#### [ACTIVITY]
Only one span of the listing below is wanted: the lines from the one with "Certified 2025 Subaru" through the one with "6128 Shelburne Street", reproduced exactly, both ends kept.

#### [INPUT DATA]
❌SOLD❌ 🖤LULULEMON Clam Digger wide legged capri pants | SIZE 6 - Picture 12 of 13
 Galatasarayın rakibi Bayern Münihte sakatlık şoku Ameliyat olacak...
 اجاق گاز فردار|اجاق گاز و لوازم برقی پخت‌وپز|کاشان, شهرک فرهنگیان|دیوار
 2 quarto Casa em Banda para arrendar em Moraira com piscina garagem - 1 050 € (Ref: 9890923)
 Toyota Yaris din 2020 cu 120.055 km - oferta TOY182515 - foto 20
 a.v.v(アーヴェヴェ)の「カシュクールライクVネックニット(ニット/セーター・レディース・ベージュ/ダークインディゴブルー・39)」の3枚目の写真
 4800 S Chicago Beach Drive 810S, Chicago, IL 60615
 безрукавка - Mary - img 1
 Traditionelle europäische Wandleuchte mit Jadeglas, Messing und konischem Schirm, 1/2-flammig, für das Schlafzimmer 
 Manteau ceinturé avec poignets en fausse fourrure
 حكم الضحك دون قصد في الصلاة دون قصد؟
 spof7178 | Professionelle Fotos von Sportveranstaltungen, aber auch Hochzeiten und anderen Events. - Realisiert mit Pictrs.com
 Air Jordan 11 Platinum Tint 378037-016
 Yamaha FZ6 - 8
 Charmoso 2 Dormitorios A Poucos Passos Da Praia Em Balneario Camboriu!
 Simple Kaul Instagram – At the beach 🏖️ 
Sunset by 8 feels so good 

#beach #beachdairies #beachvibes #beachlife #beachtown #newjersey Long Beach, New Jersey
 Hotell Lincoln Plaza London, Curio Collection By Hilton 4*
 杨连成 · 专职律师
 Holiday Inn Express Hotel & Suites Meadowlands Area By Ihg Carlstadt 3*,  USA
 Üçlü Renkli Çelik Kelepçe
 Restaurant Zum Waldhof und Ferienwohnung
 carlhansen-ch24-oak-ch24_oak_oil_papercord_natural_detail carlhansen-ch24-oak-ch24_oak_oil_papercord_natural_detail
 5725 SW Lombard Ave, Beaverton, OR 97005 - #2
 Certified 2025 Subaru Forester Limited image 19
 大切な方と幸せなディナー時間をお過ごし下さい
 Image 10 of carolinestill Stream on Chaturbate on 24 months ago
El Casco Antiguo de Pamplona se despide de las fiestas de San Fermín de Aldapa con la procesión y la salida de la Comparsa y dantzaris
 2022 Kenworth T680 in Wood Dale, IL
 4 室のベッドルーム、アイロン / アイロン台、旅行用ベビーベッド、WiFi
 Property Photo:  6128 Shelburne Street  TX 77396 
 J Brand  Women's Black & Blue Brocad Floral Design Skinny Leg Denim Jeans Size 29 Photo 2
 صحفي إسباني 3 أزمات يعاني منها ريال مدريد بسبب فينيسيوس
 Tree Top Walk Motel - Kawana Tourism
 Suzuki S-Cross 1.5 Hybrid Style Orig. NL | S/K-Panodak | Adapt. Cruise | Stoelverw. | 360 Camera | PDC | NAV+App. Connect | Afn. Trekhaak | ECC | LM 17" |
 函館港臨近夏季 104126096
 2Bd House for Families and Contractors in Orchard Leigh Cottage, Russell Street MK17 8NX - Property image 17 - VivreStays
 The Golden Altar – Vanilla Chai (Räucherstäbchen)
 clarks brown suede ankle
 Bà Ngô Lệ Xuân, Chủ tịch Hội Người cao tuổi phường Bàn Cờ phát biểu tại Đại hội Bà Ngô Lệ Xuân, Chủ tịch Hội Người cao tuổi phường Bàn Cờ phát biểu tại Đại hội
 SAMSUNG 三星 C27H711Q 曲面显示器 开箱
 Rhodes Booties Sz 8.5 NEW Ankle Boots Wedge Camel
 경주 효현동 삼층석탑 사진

#### [PROBLEM SOLUTION]
 Certified 2025 Subaru Forester Limited image 19
 大切な方と幸せなディナー時間をお過ごし下さい
 Image 10 of carolinestill Stream on Chaturbate on 24 months ago
El Casco Antiguo de Pamplona se despide de las fiestas de San Fermín de Aldapa con la procesión y la salida de la Comparsa y dantzaris
 2022 Kenworth T680 in Wood Dale, IL
 4 室のベッドルーム、アイロン / アイロン台、旅行用ベビーベッド、WiFi
 Property Photo:  6128 Shelburne Street  TX 77396 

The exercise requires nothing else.